* [Problem]: Each line of the records below that holds "Toyota" should be returned.

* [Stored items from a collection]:
_ _ _ _
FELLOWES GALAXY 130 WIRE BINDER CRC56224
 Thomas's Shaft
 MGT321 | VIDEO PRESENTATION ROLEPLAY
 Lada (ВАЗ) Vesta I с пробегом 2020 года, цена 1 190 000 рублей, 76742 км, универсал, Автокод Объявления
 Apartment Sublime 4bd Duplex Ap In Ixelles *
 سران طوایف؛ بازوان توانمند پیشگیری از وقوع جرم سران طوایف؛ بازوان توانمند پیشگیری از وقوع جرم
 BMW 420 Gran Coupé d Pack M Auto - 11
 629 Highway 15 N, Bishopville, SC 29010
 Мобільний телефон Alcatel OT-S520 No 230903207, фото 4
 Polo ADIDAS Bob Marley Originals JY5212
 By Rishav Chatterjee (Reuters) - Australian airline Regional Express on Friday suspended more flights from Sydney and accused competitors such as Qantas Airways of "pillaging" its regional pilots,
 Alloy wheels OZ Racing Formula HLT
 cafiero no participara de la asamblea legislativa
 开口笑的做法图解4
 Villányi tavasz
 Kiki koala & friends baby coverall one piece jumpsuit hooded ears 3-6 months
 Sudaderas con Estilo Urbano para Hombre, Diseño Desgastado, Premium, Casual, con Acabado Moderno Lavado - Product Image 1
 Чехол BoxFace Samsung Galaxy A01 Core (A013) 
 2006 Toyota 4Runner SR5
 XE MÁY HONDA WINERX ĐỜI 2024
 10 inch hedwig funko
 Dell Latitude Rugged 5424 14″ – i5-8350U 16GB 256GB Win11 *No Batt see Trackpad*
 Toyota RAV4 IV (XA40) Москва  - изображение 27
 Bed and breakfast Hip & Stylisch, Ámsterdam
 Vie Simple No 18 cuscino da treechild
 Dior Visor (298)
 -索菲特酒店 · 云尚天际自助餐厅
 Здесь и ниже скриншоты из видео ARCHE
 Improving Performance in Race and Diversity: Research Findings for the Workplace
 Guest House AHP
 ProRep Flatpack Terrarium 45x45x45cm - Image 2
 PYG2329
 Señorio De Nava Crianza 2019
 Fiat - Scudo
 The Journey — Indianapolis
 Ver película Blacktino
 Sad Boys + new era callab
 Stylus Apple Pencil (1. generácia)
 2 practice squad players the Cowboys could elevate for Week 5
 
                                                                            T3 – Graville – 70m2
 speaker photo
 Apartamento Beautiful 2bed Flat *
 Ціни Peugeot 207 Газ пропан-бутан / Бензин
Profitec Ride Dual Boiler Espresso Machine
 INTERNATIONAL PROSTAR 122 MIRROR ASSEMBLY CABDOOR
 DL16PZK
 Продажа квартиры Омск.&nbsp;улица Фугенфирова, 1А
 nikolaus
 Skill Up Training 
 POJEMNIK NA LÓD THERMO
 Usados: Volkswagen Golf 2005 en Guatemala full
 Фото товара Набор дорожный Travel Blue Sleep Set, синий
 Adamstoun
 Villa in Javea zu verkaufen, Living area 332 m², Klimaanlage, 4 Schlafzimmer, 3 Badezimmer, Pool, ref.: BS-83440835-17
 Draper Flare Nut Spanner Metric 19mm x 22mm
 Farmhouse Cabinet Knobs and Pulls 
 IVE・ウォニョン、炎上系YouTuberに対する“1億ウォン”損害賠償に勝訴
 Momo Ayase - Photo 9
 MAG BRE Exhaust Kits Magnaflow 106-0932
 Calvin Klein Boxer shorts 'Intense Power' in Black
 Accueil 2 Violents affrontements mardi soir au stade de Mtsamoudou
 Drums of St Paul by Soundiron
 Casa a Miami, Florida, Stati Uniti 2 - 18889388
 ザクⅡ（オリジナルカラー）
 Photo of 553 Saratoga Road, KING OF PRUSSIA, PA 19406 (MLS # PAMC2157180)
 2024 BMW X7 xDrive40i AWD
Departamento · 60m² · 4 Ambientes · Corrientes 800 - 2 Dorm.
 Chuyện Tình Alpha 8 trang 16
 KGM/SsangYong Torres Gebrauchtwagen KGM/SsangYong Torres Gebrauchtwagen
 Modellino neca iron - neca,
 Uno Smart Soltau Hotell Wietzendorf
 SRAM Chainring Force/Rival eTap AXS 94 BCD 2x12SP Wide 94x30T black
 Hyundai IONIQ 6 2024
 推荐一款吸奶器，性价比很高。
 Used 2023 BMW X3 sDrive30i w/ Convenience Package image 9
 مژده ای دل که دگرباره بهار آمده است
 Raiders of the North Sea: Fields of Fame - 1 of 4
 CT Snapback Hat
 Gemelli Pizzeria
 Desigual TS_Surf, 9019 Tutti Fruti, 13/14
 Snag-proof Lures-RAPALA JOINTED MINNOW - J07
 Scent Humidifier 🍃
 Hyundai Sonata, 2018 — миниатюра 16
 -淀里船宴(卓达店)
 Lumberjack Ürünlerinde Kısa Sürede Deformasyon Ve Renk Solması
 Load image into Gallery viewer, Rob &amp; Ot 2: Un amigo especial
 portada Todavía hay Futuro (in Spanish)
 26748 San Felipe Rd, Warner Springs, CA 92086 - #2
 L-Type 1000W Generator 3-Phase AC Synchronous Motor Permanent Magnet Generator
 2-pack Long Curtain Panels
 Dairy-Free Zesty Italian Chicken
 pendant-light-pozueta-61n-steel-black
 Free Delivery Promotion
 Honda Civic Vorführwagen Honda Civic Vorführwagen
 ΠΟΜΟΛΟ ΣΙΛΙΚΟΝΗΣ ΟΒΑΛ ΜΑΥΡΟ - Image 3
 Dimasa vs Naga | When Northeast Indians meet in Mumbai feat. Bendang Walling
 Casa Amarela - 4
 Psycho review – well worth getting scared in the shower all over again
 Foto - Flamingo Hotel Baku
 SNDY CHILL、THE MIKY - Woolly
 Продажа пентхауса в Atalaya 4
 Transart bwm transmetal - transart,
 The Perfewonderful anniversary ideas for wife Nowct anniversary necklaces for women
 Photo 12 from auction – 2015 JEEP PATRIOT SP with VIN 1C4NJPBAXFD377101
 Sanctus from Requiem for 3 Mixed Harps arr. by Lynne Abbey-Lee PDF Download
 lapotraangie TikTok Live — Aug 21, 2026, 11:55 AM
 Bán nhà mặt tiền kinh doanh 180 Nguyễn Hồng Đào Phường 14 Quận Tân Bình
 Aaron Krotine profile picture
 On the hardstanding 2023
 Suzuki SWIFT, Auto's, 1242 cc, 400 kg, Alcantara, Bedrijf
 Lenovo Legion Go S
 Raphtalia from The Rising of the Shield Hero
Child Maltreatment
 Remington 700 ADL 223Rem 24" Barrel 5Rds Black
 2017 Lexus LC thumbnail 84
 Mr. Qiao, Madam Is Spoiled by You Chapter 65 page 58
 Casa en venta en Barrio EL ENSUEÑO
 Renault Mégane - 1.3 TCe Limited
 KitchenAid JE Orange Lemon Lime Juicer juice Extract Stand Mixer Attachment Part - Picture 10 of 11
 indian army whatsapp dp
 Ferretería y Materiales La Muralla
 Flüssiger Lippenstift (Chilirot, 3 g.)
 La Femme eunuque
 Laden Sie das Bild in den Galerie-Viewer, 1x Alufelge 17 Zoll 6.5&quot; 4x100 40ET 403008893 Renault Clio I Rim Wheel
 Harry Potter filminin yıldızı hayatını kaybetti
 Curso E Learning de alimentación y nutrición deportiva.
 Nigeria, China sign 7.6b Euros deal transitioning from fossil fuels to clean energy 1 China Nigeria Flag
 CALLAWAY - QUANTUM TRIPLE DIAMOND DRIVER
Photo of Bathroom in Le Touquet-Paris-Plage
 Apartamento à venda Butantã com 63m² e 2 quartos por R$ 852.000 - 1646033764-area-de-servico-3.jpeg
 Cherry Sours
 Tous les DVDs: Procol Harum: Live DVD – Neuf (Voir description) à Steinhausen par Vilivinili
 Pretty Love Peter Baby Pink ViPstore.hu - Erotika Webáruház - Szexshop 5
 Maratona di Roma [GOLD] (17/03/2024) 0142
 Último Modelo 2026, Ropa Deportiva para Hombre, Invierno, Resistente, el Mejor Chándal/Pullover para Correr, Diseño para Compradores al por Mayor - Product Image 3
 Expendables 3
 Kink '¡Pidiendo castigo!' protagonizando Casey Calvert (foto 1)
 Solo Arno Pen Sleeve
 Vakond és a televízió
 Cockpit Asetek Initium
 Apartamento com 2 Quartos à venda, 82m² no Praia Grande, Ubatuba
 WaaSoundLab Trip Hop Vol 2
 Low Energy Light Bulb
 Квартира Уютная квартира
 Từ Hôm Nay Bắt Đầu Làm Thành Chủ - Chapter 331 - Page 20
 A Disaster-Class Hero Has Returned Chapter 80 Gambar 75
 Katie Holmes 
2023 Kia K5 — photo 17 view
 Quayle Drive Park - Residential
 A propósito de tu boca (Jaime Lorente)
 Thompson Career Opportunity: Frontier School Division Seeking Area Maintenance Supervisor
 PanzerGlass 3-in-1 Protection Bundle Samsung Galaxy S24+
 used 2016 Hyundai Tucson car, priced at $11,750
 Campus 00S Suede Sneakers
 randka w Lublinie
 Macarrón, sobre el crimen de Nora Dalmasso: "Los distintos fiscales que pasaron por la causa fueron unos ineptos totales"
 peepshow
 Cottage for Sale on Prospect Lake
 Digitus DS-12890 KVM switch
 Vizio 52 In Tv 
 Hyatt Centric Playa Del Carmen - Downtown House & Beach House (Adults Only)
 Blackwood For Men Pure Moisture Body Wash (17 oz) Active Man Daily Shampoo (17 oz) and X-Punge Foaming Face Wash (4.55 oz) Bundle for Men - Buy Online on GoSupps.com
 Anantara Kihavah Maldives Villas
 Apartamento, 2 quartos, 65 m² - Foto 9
_ _ _ _
* [Task response]:
 2006 Toyota 4Runner SR5
 Toyota RAV4 IV (XA40) Москва  - изображение 27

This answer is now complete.